### INFORMATION SUPPLIED

--

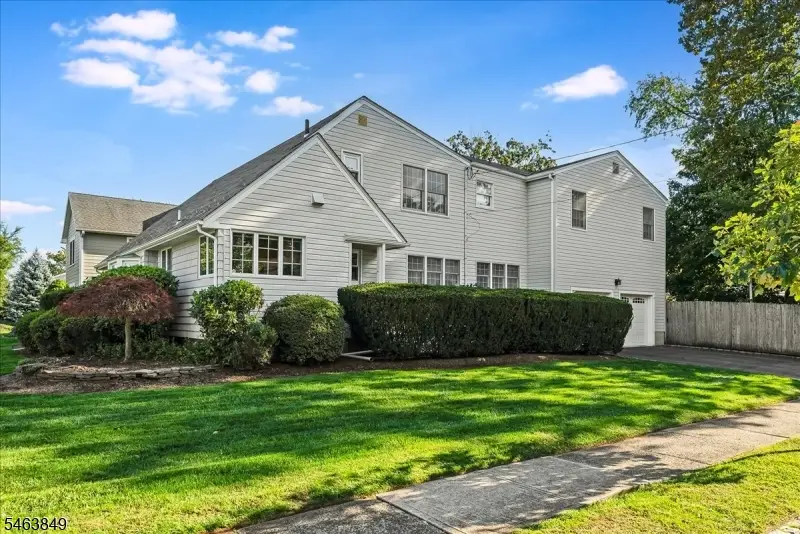 25 Richland Dr, Springfield, NJ 07081 - #3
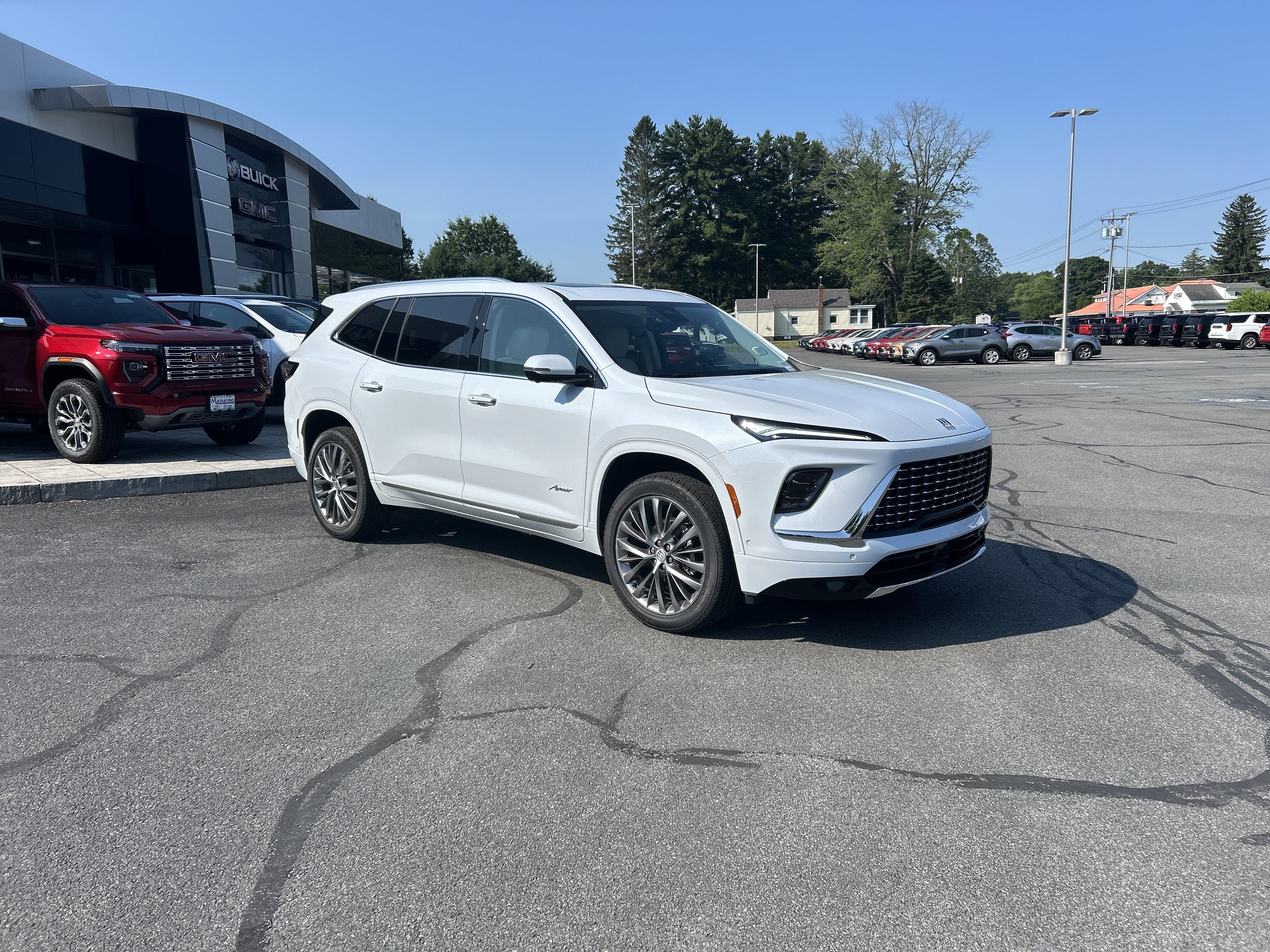 2026 Buick Enclave Avenir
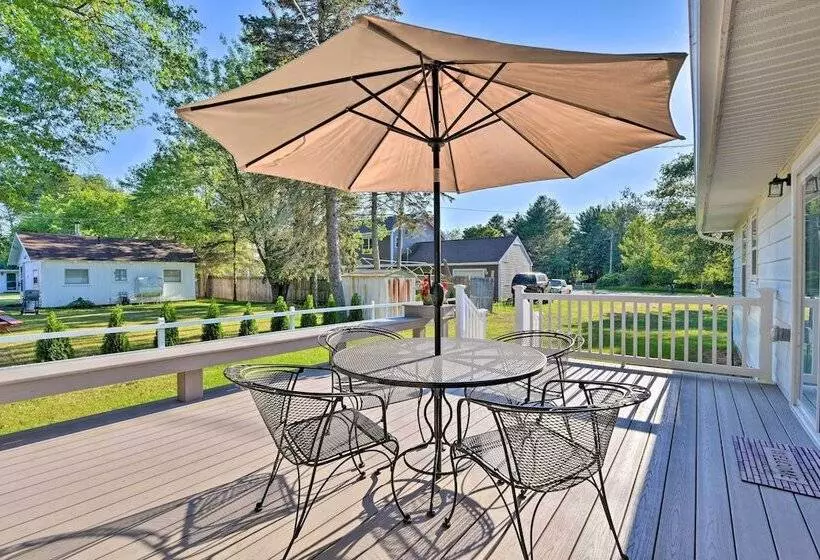 Lake Huron House W/ Grill + Beach Access!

--

### DIRECTIONS FOR THIS TASK
Would you retype each line above exactly and skip every image?

### WRITTEN SOLUTION
 25 Richland Dr, Springfield, NJ 07081 - #3
 2026 Buick Enclave Avenir
 Lake Huron House W/ Grill + Beach Access!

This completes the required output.